You might be interested in a neural account of metaphor that David Hays and I advanced some years ago:
http://ssrn.com/abstract=1501788
It affords easy back-and-forth between tenor and vehicle and regards strong metaphor as a tool for investigation and discovery.
Thanks for the link -- I'll read it this week. The abstract sounds exactly consistent with what I was thinking.
I read Lakoff and, separately, Johnson a while ago. Johnson a long while ago. Your account of them makes me want to go back. I haven't been thinking about metaphor much at all, recently or, really, ever, so this is all very impressionistic, but the impression that I wanted to capture is my sense of how Derrida goes about arguing by convincing reconstruction and description of a certain kind of philosophical thinking -- this may be what Lakoff and Turner are describing too.
To your question which literary circles?
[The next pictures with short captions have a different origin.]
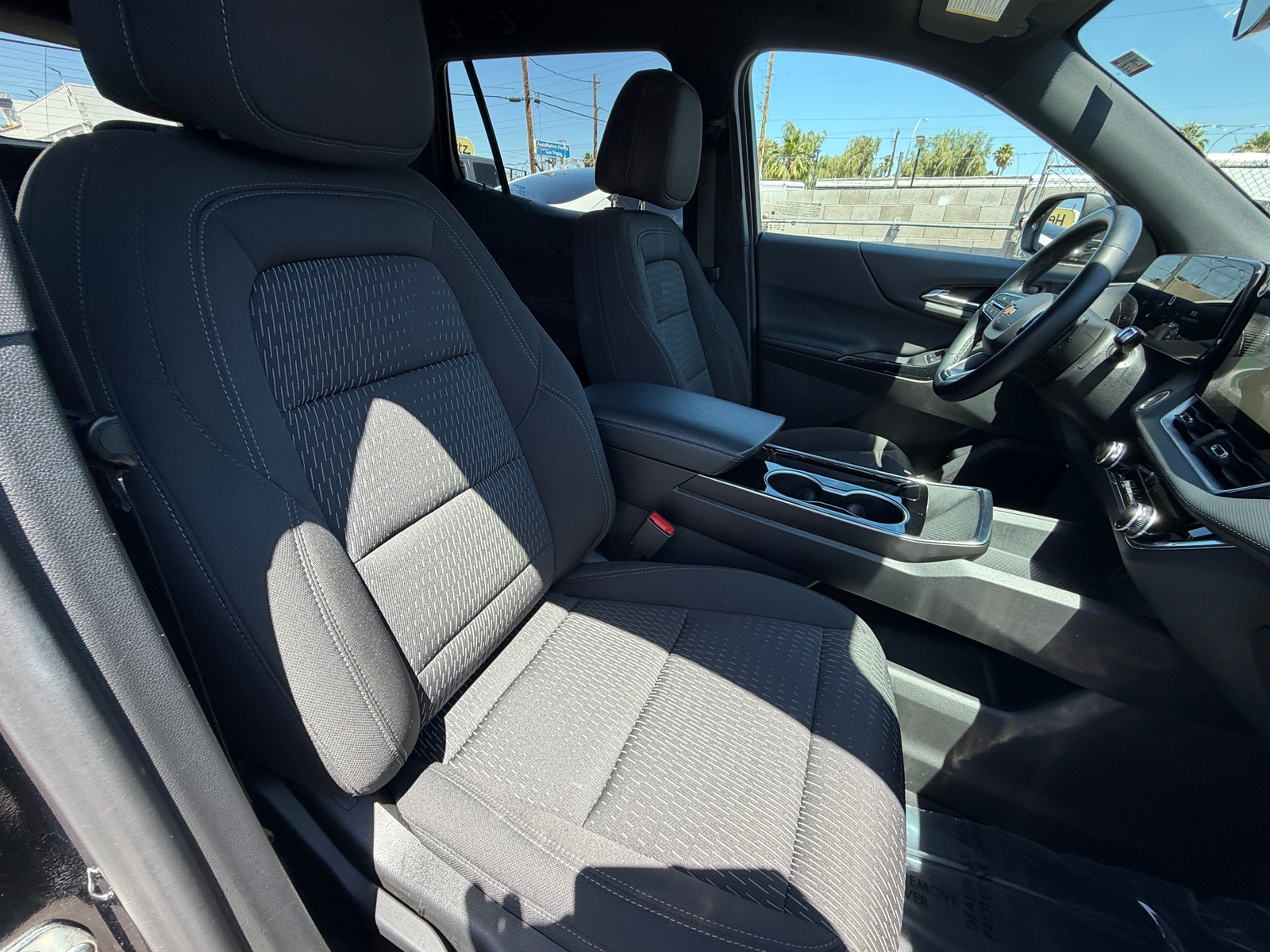 Thumbnail: 2025 Chevrolet Equinox - 2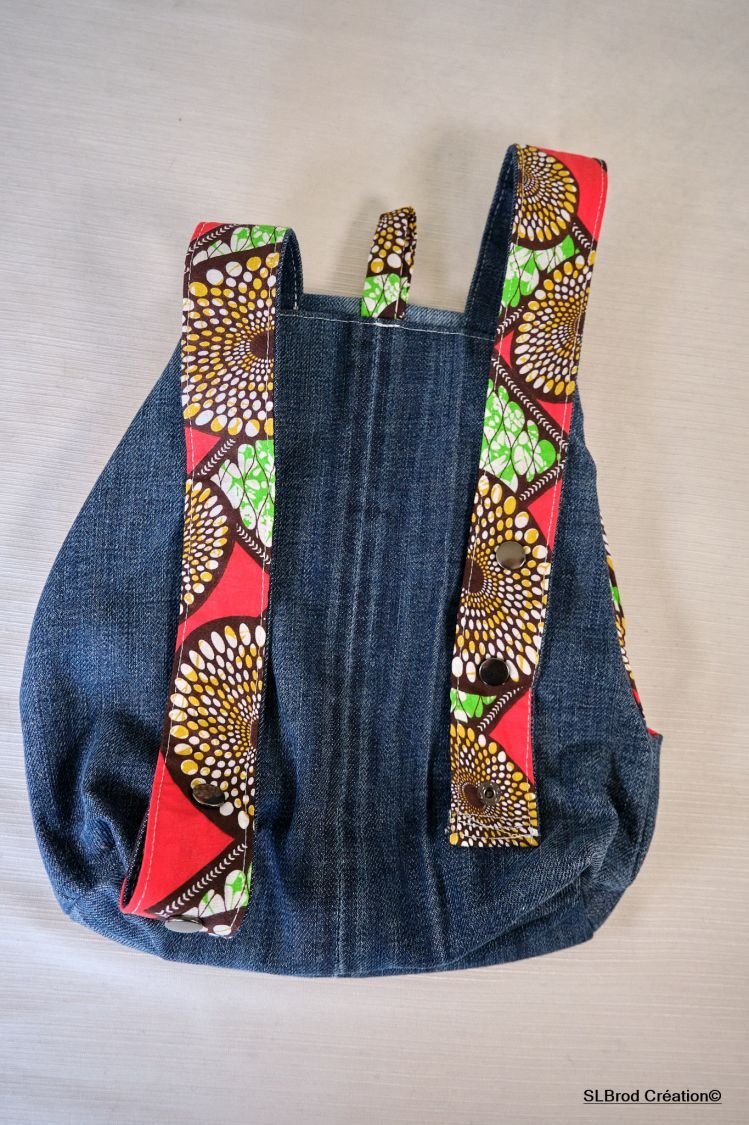 Mochila de criança bordada com dinossauro e cera para ser personalizada com o seu nome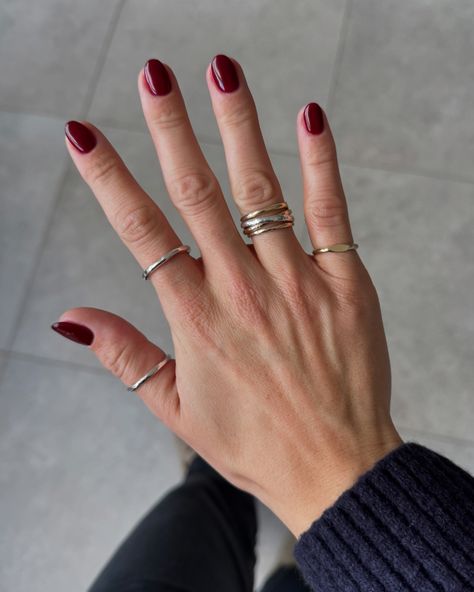 Chunky knits and ring stacks 🙌🏻 Ring Stack Silver, Ring Stacking Ideas, Silver Ring Stack, Ring Stacks, Stack Rings, Chunky Knits, Ring Stack, Ring Stacking, Stacking Rings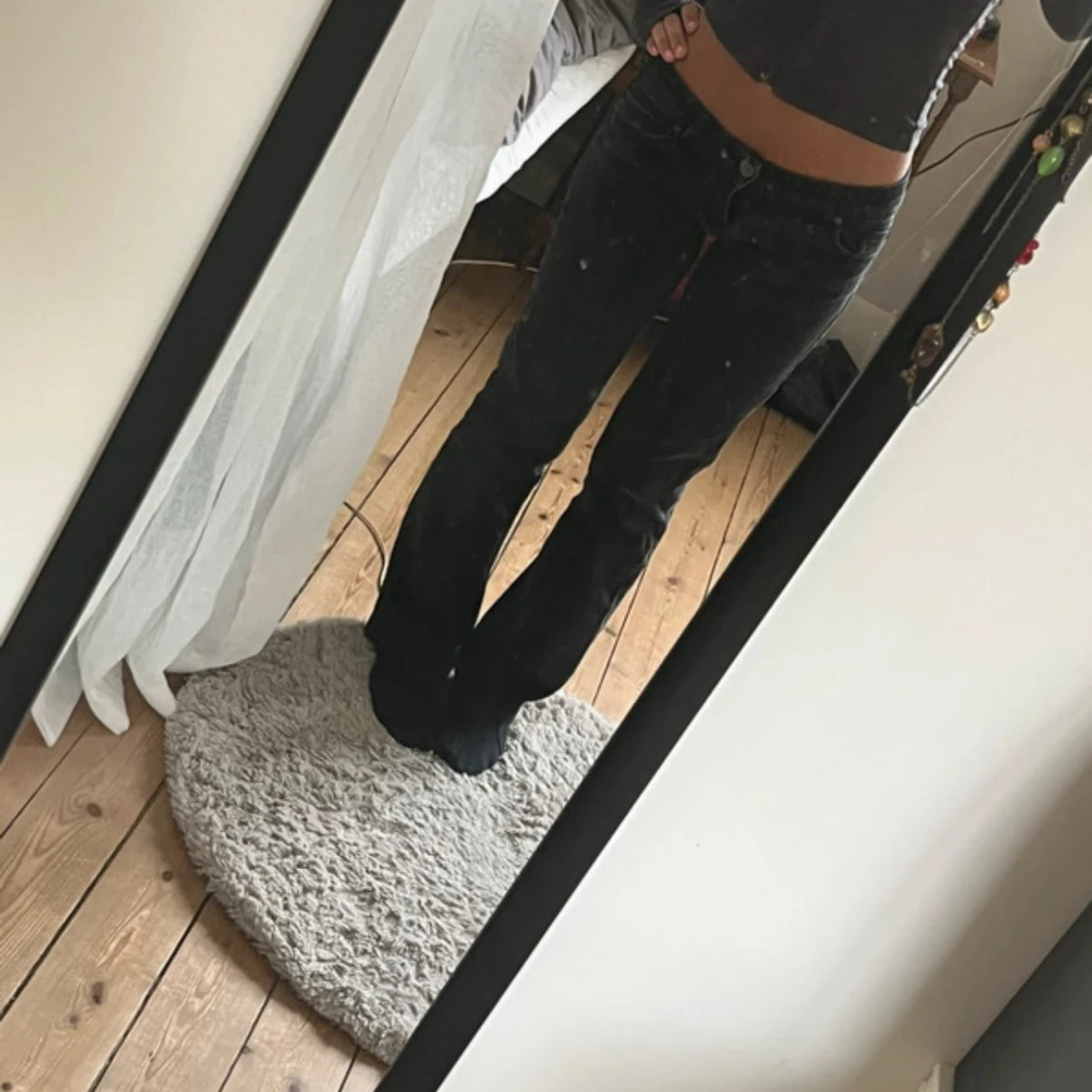 Low waist svarta jeans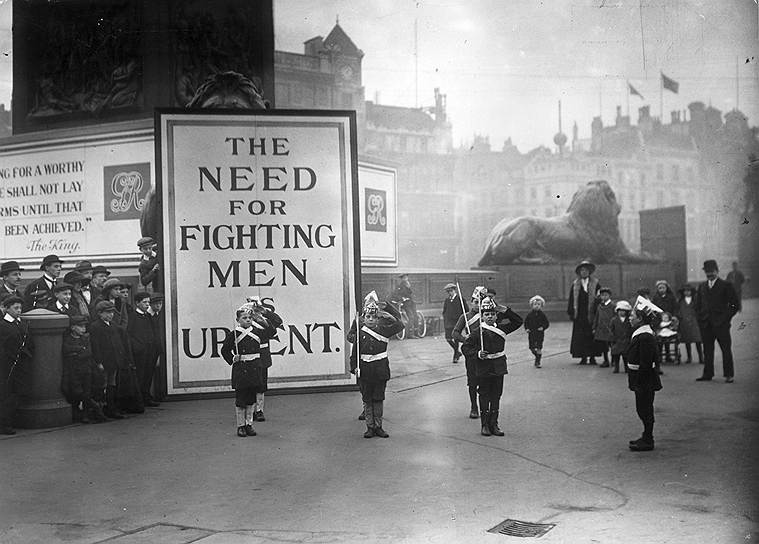 Пункт записи добровольцев, Трафальгарская площадь, Лондон, ноябрь 1914 года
Lots of my friends swear by Lakoff (and Turner), though I don't know that it's my friends who work on metaphor. I should ask.
Really sympathetic to Lakoff's claims about an indirect but clear relationship between language and the physical, and to a certain extent the claim that every word is a metaphor, but have vague suspicions about sraw-man argumentation and overstating of claims that I wouldn't be able to specify right now until I re-read Metaphors We Live By and actually read Philosophy in the Flesh instead of just listening to my partner quote it over dinner...
. . . I was unable to finish Phil Flesh. It's not that it was difficult to understand, but rather it was difficult to believe that they regarded this as a serious account of the cognitive structure of Western philosophy.
One of the temptations of a certain kind of thinking, especially thinking that is Revolutionary and New, is to go for a Theory of Everything. (It is a temptation of which I have intimate knowledge.) Lakoff has it bad.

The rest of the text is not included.